The changing role of Moray’s RAF base will be put to the test over an eleven day period starting on Monday – and that could mean more noise for residents.

RAF Lossiemouth’s new role as Scotland’s only combat ready air base has saw extensive alterations made both in personal and structure over recent months – now ‘Exercise Moray Guardian’ will see extensive testing of these facilities.

Successful completion of the exercise, which runs from August 11 to August 22, is expected to prove the base fully ready to taken on Quick Reaction Alert (QRA) duties for the north of the UK.

Lossiemouth was deemed to be the ideal location for the QRA North duties currently undertaken by RAF Leuchars, which will be handed over to the army.

The task of the Typhoon’s based in Moray will be to retain crews on a high alert state, ready to scramble and intercept unidentified aircraft that may approach UK airspace.

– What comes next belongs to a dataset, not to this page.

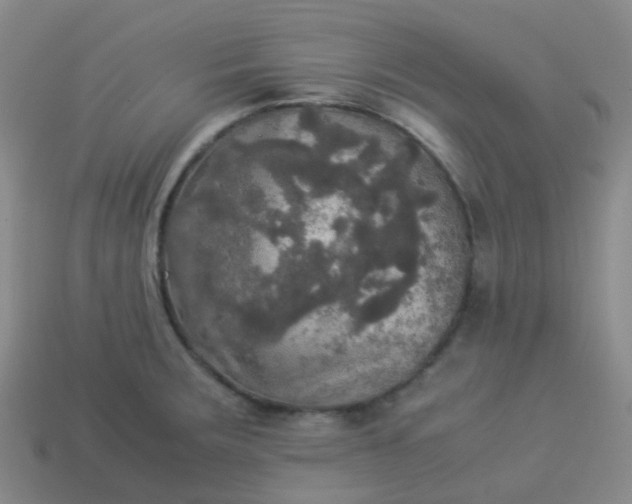 X0000114111283200910191655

Local residents are being warned that a range of potential scenarios will be tested and there may be a requirement for some night flying and essential aircraft engineering immediately following any sorties. There may also be higher one off noise levels as jets scramble to intercept simulated incoming ‘threats’.

Station Commander, Group Captain Mark Chappell, explained: “Exercise Moray Guardian marks a significant point in RAF Lossiemouth’s calendar.

“Both RAF Leuchars and RAF Lossiemouth personnel have done a lot of hard work over the past few months to reach this stage, and I’m confident that this Station will be ready to take over Quick Reaction Alert (Interceptor) North duties in September.

“This exercise is the final opportunity to assess our preparedness for QRA (I) N and I’m happy that our personnel and processes are ready for the task.

“We will be carrying out a number of exercises which may on occasion be noticeable to the public. But all the work we do is essential, and ultimately puts us in the best position to provide the service to the United Kingdom that the Royal Air Force was primarily created for – that is, the protection of our airspace.”